Closed meren closed 8 years ago
The commit e308685a7c1a5a0157ca81112af7bd5bce687ba2 reimplements a critical function, so here is to make sure I didn't screw it up (cat test.py
):
import numpy as np
import anvio.clustering as c
a = np.random.multivariate_normal([10, 0], [[3, 1], [1, 4]], size=[20,])
b = np.random.multivariate_normal([0, 20], [[3, 1], [1, 4]], size=[20,])
mock_data = np.concatenate((a, b),)
tree = c.get_clustering_as_tree(mock_data)
newick = c.get_tree_object_in_newick(tree, None)

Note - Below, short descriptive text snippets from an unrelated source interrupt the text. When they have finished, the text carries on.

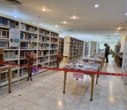 هفتیمن نمایشگاه تازه‌های کتاب کتابخانه دانشکدگان فارابی_آبان ماه ۱۴۰۳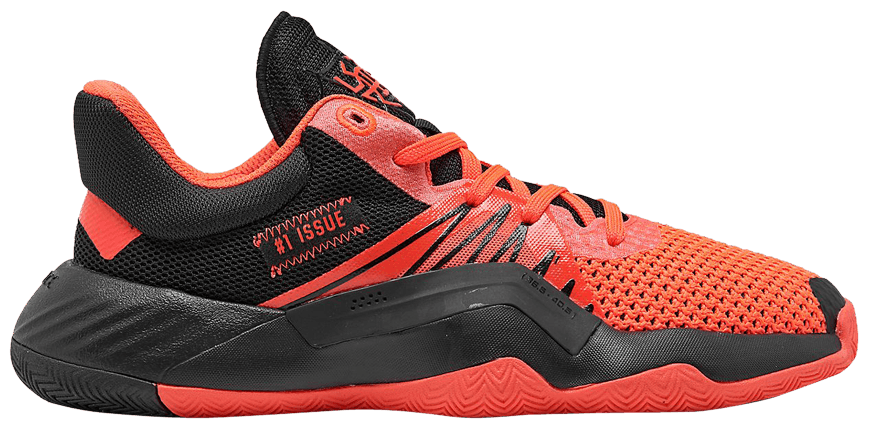 Adidas D.O.N. Issue #1 Big Kids 'NBA ASG 2020'
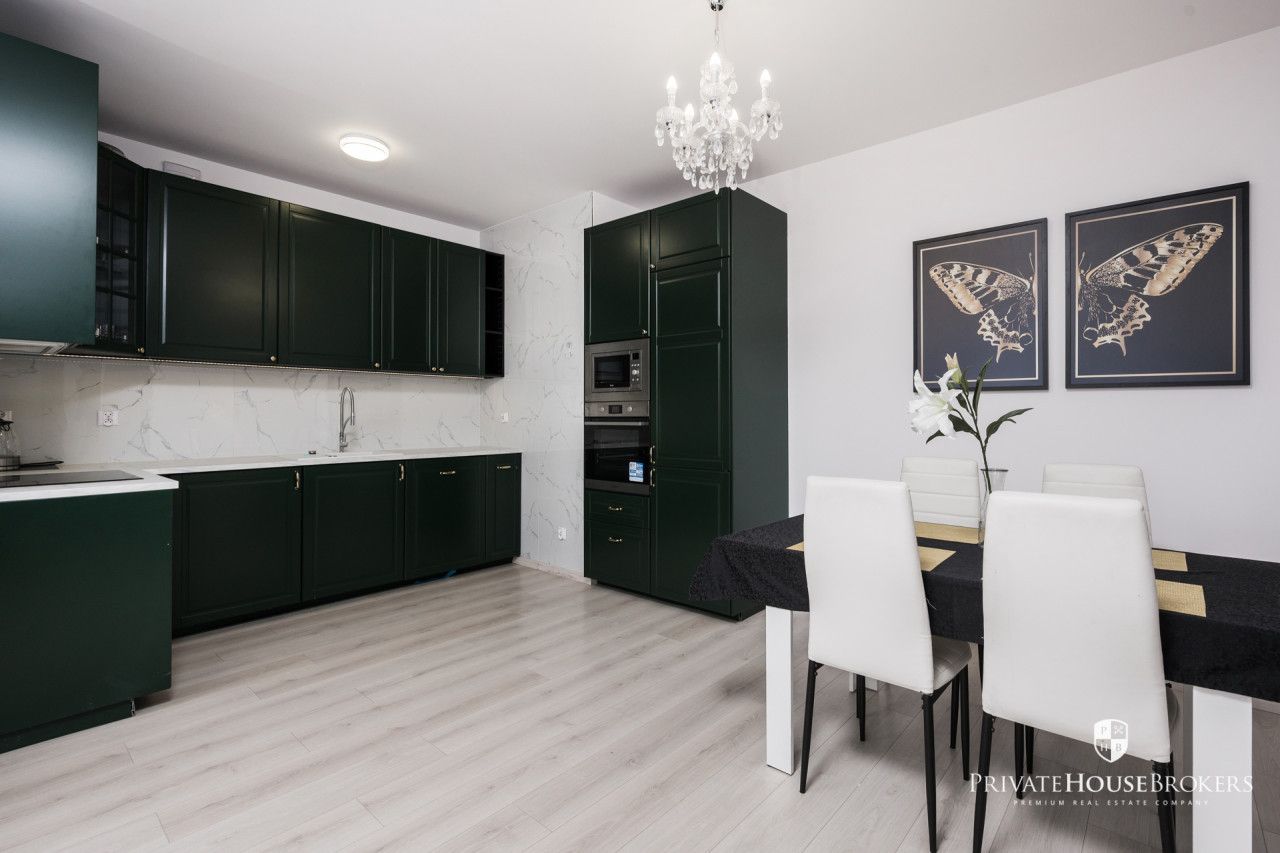 Przytulny apartament z balkonem przy ulicy Fabrycznej/Grzegórzki - Mieszkanie - Wynajem - Kraków, Śródmieście / Grzegórzki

newick_old = c.get_tree_object_in_newick_obsolete(tree, None)
print 'old newick is identical to new:', newick == newick_old
Here is the result:
$ python test.py
old newick is identical to new: True
So far so good. I will keep the old function in the codebase for a while (which is now called get_tree_object_in_newick_obsolete
)
The commit 86f272c8008fc3a676fef148b272bf6bfee9934b reimplement the SciPy version of the hierarchical clustering. Just to make sure things did not get screwed up (cat test.py
):
import numpy as np
import anvio.clustering as c
a = np.random.multivariate_normal([10, 0], [[3, 1], [1, 4]], size=[100,])
b = np.random.multivariate_normal([0, 20], [[3, 1], [1, 4]], size=[100,])

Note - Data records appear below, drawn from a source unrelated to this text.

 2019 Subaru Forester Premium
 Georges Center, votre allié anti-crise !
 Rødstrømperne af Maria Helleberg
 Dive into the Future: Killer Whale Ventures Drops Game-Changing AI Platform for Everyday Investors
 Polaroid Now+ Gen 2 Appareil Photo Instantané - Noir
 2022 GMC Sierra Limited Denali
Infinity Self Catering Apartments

mock_data = np.concatenate((a, b),)
# with hcluster
hc_tree = c.get_clustering_as_tree_obsolete(mock_data)
hc_newick = c.get_tree_object_in_newick(hc_tree, None)
# with scipy
sp_tree = c.get_clustering_as_tree(mock_data)

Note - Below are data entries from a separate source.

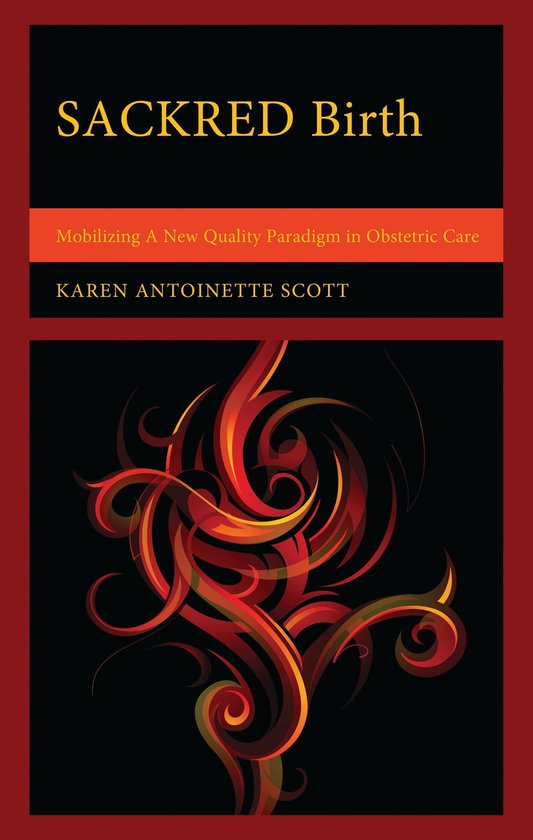 SACKRED Birth - cover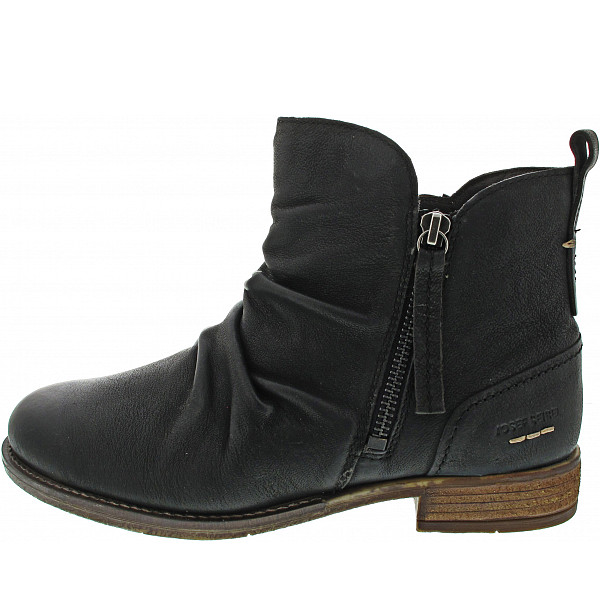 Josef Seibel Sienna 38 Stiefelette schwarz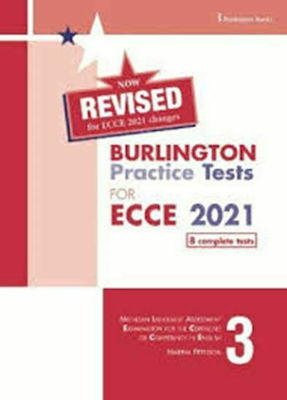 BURLINGTON PRACTICE TESTS MICHIGAN ECCE 3 SB 2021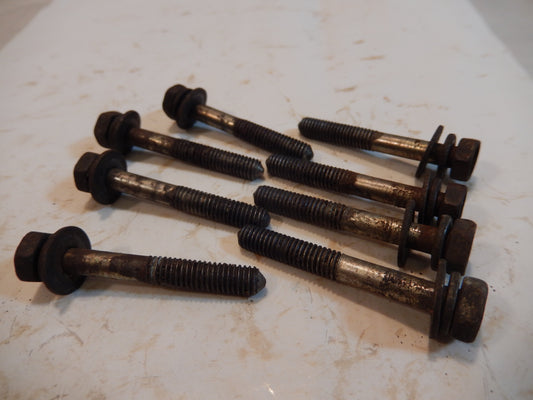 Datsun 240Z Cam Journal Bolt Set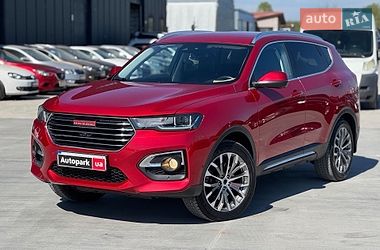 Позашляховик / Кросовер Haval H6 2018 в Львові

sp_newick = c.get_tree_object_in_newick(sp_tree, None)
print 'newick from hcluster is identical to the one from SciPy:', hc_newick == sp_newick
result:
$ python test.py
newick from hcluster is identical to the one from SciPy: True
Good!
The only remaining thing is the performance at this point.
here is test_hc.py
:
import numpy as np
import anvio.clustering as c
np.random.seed(1)
a = np.random.multivariate_normal([10, 0], [[3, 1], [1, 4]], size=[2500,])
b = np.random.multivariate_normal([0, 20], [[3, 1], [1, 4]], size=[2500,])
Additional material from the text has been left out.